WHAT THIS TASK INVOLVES:
What should come back is the data below, word for word, minus any picture.
#### SUPPLIED DATA ####
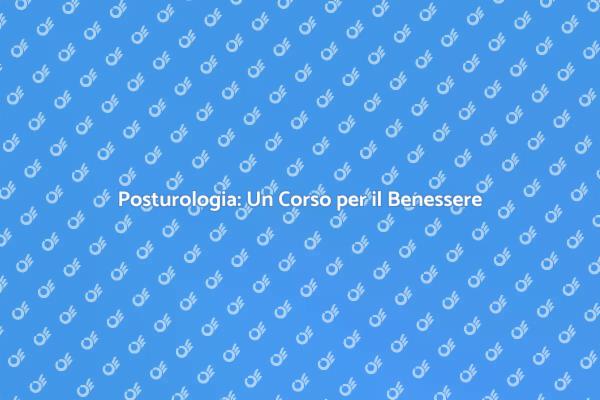 Posturologia: Benessere e Professione
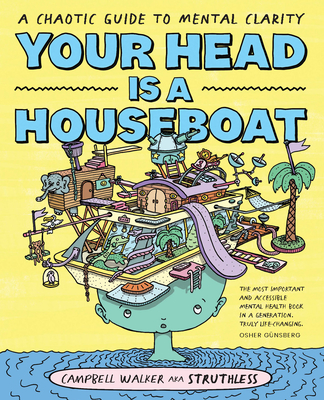 Your Head is a Houseboat: A Chaotic Guide to Mental Clarity - Walker, Campbell
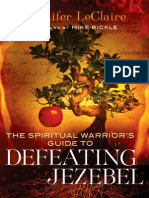 The Spiritual Warrior's Guide To Defeating Jezebel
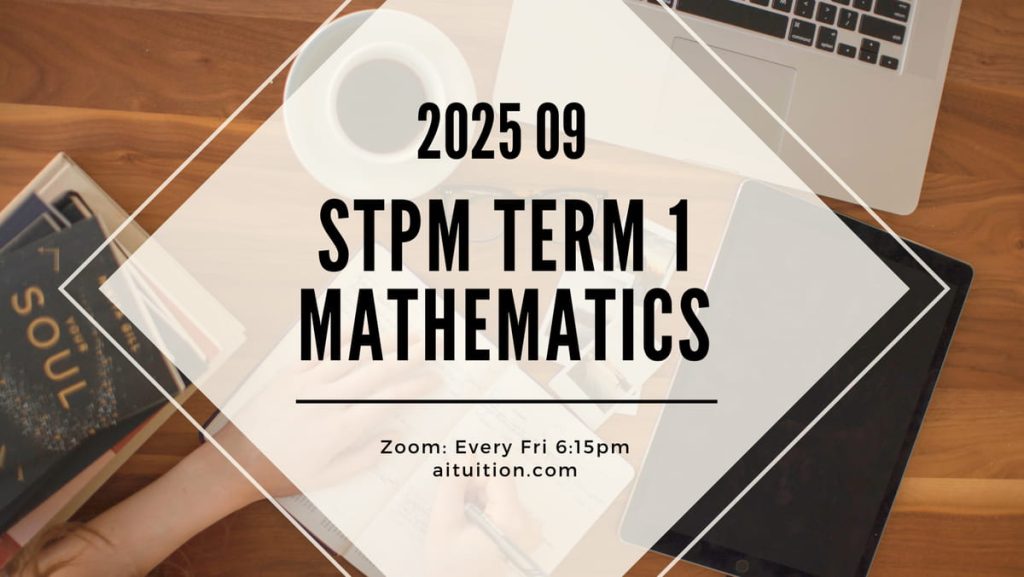S1 Mathematics (KK LEE) [Online] - 2025 09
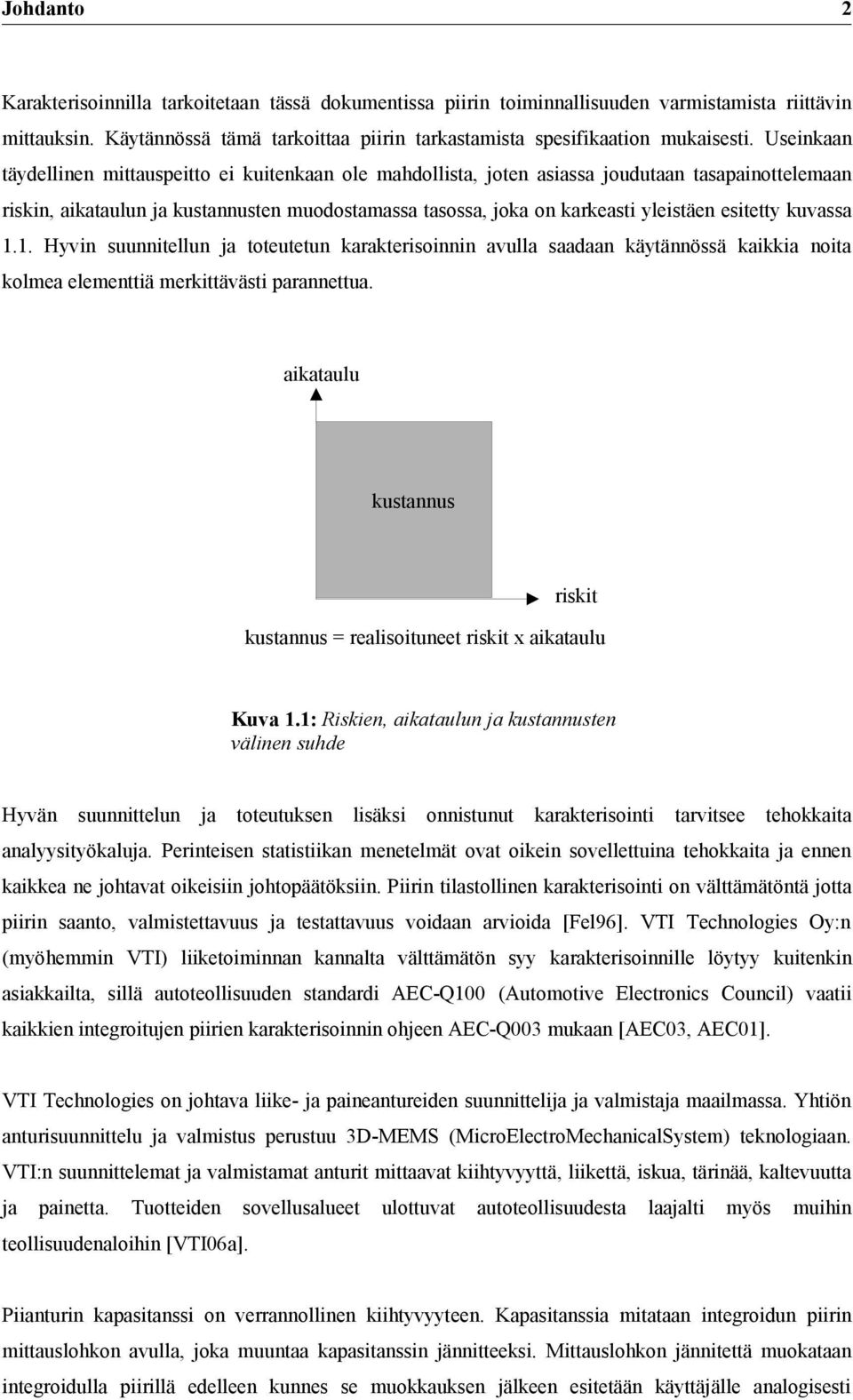 esitetty kuvassa 1.1. Hyvin suunnitellun ja toteutetun karakterisoinnin avulla saadaan käytännössä kaikkia noita kolmea elementtiä merkittävästi parannettua.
####
OUTPUT BELOW:
 Posturologia: Benessere e Professione
 Your Head is a Houseboat: A Chaotic Guide to Mental Clarity - Walker, Campbell
 The Spiritual Warrior's Guide To Defeating Jezebel
S1 Mathematics (KK LEE) [Online] - 2025 09
 esitetty kuvassa 1.1. Hyvin suunnitellun ja toteutetun karakterisoinnin avulla saadaan käytännössä kaikkia noita kolmea elementtiä merkittävästi parannettua.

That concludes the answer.